▸ **What you are asked to do**:
Exactly the lines from the one containing "Add lime juice, add" through the end of the listing below are required, restated word for word and without pictures.

▸ **Information shown**:
——————

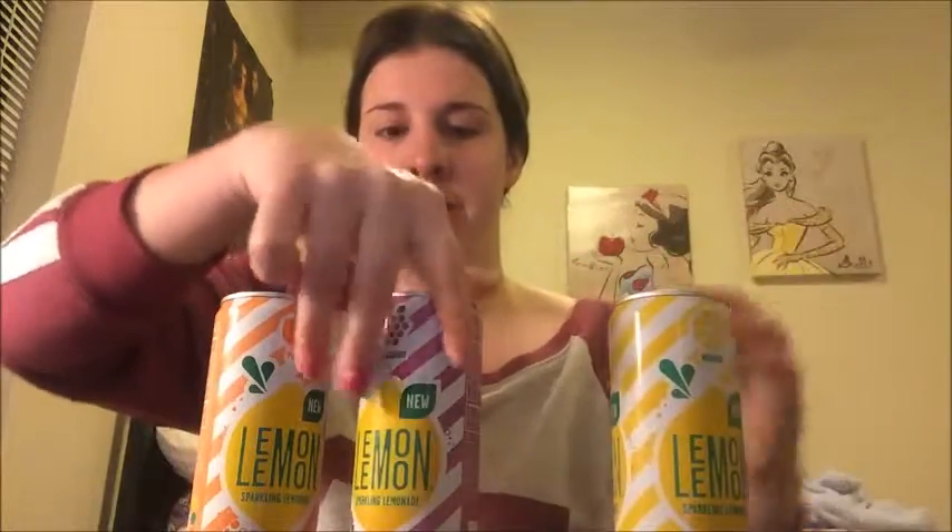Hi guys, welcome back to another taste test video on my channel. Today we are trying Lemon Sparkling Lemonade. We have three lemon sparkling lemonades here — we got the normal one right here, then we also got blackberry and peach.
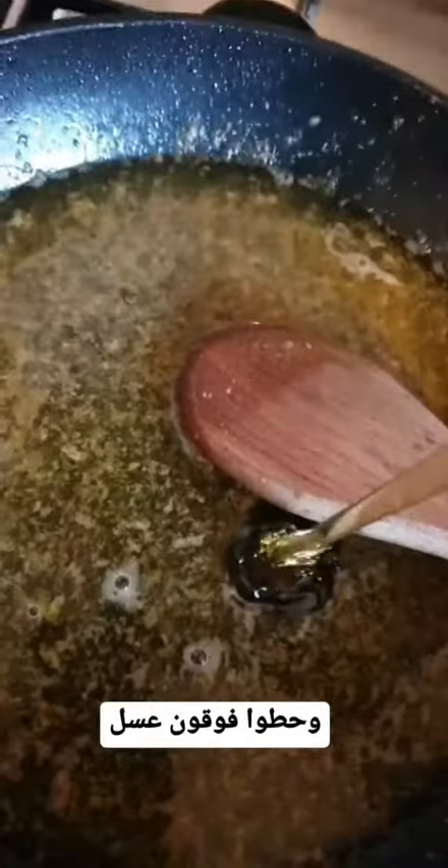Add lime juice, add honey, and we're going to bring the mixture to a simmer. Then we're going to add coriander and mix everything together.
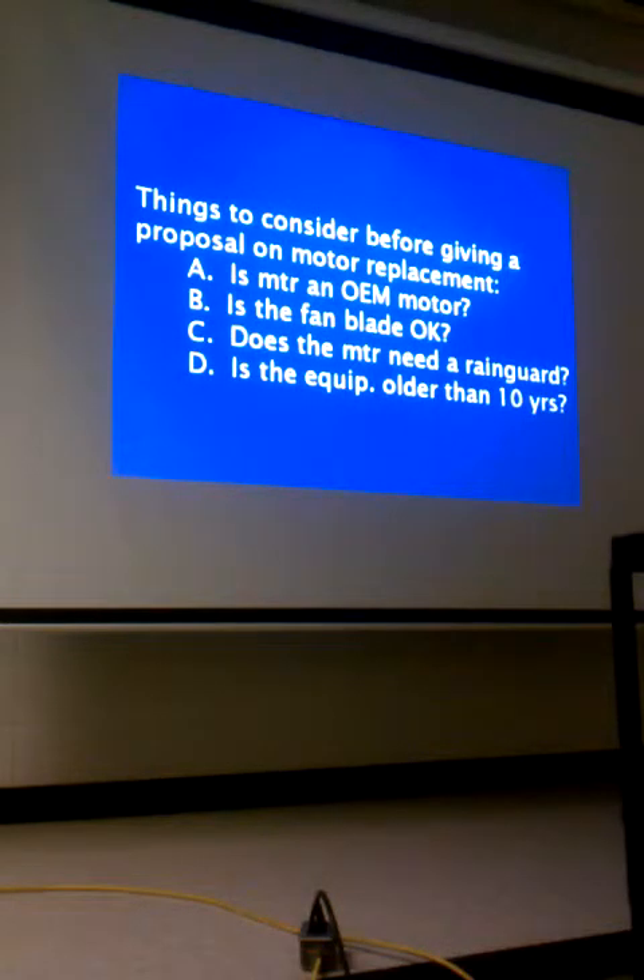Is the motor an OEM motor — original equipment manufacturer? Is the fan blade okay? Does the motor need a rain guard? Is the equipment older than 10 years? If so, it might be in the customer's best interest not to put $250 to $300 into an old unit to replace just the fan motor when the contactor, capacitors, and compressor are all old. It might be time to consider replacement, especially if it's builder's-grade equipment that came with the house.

——————

▸ **Solution to this problem**:
Add lime juice, add honey, and we're going to bring the mixture to a simmer. Then we're going to add coriander and mix everything together.
Is the motor an OEM motor — original equipment manufacturer? Is the fan blade okay? Does the motor need a rain guard? Is the equipment older than 10 years? If so, it might be in the customer's best interest not to put $250 to $300 into an old unit to replace just the fan motor when the contactor, capacitors, and compressor are all old. It might be time to consider replacement, especially if it's builder's-grade equipment that came with the house.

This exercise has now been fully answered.